Commencement : lorsque je suis aux prises avec un bloc de marbre brut sorti
du torrent, lorsque je cherche patiemment à correspondre à cette
donnée, et qu’en taille directe, sans dessin préalable, j’en attaque la
matière, en m’accordant ainsi à sa forme et ses veinages… - lorsque ma main
a l’audace de répondre, de correspondre au sauvage d’une nature déjà là –
ma main venant au monde… Ce faisant, évidemment, je pèse le risque de louper,
de rater cet accord avec cette donnée précieuse de marbre.

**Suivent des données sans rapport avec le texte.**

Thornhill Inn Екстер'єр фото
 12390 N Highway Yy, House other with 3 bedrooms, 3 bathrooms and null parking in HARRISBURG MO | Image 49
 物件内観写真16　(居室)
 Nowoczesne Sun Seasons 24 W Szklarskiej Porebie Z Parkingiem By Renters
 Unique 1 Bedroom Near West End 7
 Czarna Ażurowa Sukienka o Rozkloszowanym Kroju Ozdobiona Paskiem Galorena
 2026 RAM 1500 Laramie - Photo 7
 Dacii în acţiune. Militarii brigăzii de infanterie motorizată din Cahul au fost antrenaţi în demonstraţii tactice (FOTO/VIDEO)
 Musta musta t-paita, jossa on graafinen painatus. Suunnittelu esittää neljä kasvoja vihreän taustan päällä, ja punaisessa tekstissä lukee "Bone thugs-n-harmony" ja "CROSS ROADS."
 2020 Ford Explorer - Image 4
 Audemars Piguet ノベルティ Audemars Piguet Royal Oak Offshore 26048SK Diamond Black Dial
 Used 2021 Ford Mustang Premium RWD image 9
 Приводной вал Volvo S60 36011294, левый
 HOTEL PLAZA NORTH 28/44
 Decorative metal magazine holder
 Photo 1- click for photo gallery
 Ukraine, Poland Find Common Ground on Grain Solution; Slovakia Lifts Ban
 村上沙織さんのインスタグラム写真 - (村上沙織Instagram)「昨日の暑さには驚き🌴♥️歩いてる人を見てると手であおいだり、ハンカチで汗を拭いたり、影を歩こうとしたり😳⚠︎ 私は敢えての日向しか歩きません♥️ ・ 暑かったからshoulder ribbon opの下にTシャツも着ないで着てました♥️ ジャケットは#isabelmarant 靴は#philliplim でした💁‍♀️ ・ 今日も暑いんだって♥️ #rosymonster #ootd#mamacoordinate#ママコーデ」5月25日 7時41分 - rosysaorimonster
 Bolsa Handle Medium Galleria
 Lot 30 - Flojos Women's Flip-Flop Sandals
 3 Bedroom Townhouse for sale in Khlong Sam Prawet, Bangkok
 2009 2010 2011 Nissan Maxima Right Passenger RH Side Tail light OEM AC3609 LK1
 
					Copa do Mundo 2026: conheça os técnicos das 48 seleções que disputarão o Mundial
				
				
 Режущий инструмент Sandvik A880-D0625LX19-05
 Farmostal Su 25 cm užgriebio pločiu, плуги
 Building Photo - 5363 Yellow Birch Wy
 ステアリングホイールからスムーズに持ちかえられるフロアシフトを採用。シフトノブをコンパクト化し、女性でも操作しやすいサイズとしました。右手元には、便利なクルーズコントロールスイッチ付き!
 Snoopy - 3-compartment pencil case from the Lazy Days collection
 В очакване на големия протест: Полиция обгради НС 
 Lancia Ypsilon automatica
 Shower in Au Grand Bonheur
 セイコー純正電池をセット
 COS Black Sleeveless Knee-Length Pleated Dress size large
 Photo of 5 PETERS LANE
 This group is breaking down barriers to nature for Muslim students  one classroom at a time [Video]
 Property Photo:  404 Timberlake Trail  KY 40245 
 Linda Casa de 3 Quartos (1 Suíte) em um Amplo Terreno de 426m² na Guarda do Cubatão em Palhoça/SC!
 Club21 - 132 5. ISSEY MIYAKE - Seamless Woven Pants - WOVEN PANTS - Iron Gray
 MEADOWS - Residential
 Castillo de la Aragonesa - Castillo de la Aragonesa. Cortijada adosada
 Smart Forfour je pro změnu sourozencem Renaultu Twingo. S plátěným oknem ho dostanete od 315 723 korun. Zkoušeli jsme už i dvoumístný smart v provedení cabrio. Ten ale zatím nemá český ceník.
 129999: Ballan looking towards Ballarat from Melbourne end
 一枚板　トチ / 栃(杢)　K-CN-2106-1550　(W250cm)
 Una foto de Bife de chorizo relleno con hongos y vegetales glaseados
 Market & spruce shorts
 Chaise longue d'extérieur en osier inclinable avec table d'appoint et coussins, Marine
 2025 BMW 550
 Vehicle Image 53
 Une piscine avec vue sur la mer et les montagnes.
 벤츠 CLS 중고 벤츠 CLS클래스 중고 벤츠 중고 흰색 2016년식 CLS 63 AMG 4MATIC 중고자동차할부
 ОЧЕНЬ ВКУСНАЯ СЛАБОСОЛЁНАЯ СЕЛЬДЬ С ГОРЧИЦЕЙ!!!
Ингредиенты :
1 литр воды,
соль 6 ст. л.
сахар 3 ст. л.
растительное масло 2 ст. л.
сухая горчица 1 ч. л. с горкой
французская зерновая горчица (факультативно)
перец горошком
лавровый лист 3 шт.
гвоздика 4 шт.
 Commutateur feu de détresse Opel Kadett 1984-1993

Mais n’est-ce pas là une excellente école à ces
‘évènements essentiels… et si simples’ que sont nos échanges avec
autrui ? Et le risque n’est-il pas du même ordre qu’avec le bloc de marbre
brut ? Se louper dans cette correspondance – si ce n’est que la matière
marbre est inerte, alors que le visage et l’écoute et la réponse de l’autre
sont vivants, interpersonnels, en ‘Je’ et ‘Tu’ – et voilà la parole entrée
en échange.
‘Au commencement est la Parole’
, le début de l’évangile de Jean : ‘In principio erat Verbum‘ –
telle est la création de Dieu (reprenant les premiers mots de la Genèse) :
voilà l’échange et la conversation qui s’entament (de même que le marbre
prend forme sous les ciseaux du sculpteur), voilà la vie qui se met à
couler, en fraîcheur de source – et me reviennent les paroles de Yahvé par
Jérémie :
‘Ils m’ont abandonné, moi, la source d’eau vive, pour se creuser des
citernes - citernes lézardées qui ne tiennent pas l’eau’
(Jer.2,13) – un leitmotiv de Jésus chez Jean.
Est-ce donc dire qu’ils seraient si simples les vrais commencements (comme
les évènements essentiels, comme les miracles faisant si peu de bruit) ? Si
ce n’est que, de même que les enfances, pour entrer ainsi en vie, ces
commencements sont à la merci de notre qualité de présence, notre qualité
de parole, de répondant en échange. Autrement dit, c’est nous qui faisons
œuvre de commencement dans nos vies – nous, en cette aptitude et sous cette
invitation de la vie à donner fraîcheur de source à chacune de nos
relations, et aller ainsi nos vies de commencement en commencement. Sans
cela tout reste banal et plat ; puisque c’est à nous de donner l’éclat de
la banalité de nos jours.
Il suffit d’être là, dans notre qualité de présence – de regard, d’écoute,
de parole, de correspondance, comme le sculpteur à son marbre : la création
de Dieu est livrée à notre merci.
On songe aux mots de Saint-Exupéry qui faisaient le 20 du mois d’avril : ‘
Nous avons connu, aux heures de miracle, une certaine qualité de
relations humaines, là est pour nous la vérité’.
‘Chaque jour peut être le début d’une nouvelle vie’.